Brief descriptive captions
#####

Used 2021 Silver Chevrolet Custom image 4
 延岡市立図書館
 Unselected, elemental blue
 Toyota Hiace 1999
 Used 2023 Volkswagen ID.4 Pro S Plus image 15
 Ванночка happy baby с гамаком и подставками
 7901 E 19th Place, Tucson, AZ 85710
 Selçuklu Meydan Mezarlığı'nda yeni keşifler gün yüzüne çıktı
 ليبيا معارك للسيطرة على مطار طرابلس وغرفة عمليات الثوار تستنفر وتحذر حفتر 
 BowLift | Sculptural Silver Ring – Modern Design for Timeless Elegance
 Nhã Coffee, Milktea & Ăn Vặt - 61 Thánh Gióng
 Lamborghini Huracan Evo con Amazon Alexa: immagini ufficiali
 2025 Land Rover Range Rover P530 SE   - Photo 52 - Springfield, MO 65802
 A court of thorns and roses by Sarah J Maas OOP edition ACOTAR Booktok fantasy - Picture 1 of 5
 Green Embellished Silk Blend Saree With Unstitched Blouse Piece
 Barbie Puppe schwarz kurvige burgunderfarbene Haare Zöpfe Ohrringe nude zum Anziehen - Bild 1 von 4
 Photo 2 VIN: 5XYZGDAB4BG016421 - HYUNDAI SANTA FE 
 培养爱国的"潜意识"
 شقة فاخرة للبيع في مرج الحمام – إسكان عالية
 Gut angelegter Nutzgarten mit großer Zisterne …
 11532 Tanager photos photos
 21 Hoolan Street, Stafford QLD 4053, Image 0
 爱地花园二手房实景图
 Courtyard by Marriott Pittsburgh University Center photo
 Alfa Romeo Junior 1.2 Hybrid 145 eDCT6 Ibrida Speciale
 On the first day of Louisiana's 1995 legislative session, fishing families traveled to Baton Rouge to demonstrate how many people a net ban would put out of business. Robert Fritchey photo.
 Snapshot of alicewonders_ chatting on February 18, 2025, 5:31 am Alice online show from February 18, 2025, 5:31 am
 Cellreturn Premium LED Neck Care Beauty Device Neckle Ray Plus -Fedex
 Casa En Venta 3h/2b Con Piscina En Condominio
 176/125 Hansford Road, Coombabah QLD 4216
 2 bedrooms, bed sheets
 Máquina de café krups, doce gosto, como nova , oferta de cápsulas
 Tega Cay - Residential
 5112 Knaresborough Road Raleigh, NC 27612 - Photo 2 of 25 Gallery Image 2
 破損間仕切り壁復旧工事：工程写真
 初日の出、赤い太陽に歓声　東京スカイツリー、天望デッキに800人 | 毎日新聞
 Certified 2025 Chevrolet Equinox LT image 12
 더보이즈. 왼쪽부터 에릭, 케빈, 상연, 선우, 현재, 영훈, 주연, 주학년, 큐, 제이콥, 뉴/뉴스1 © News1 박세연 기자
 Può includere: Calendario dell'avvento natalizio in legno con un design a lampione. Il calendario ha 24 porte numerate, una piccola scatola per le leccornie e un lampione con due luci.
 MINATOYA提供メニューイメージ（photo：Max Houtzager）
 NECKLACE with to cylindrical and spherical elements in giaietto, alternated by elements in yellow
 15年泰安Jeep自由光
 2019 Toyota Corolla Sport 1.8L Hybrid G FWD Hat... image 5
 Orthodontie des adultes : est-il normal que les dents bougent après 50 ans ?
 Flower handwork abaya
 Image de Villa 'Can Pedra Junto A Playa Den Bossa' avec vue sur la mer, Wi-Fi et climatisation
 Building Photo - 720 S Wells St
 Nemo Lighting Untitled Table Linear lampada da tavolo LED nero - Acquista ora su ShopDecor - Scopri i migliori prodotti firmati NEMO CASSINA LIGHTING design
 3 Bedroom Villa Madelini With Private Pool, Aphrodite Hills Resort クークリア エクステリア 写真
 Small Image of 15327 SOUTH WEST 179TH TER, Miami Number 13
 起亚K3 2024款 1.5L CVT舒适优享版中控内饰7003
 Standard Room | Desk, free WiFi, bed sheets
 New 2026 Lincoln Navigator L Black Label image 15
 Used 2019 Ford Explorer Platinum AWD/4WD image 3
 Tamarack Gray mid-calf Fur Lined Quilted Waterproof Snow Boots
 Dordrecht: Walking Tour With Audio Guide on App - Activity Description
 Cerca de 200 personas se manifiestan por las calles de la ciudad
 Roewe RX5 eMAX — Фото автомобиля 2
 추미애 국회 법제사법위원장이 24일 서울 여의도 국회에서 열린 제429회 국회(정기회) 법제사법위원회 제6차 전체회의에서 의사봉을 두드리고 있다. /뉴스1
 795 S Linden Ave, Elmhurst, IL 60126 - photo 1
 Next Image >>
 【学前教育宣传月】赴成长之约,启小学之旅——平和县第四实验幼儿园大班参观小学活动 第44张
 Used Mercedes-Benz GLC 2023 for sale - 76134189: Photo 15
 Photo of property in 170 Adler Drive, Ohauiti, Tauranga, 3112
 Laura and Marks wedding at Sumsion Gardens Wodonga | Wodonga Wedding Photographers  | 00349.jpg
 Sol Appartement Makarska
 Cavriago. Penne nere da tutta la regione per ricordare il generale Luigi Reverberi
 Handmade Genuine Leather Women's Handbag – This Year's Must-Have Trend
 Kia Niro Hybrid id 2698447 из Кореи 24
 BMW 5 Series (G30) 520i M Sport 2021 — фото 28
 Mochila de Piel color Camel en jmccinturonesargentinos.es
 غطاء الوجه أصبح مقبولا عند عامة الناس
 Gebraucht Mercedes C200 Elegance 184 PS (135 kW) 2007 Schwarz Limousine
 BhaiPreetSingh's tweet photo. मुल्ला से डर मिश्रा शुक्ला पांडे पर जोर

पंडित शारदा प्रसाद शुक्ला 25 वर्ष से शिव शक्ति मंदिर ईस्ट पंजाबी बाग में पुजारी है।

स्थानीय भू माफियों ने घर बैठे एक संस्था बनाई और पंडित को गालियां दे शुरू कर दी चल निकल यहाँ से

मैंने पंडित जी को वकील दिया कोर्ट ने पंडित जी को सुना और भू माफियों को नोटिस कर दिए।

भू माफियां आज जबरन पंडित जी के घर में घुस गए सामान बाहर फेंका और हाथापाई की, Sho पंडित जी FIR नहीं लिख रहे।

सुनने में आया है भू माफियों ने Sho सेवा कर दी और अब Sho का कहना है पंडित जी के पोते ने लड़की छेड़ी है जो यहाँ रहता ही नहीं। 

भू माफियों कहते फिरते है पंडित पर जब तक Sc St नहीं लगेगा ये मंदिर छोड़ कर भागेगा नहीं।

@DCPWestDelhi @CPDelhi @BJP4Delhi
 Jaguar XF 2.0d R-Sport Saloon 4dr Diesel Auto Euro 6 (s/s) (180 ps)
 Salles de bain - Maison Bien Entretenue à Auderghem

#####

■ **Work request**:
Extract every line containing the string "Elegance" from the data above.

■ **Result of this exercise**:
 BowLift | Sculptural Silver Ring – Modern Design for Timeless Elegance
 Gebraucht Mercedes C200 Elegance 184 PS (135 kW) 2007 Schwarz Limousine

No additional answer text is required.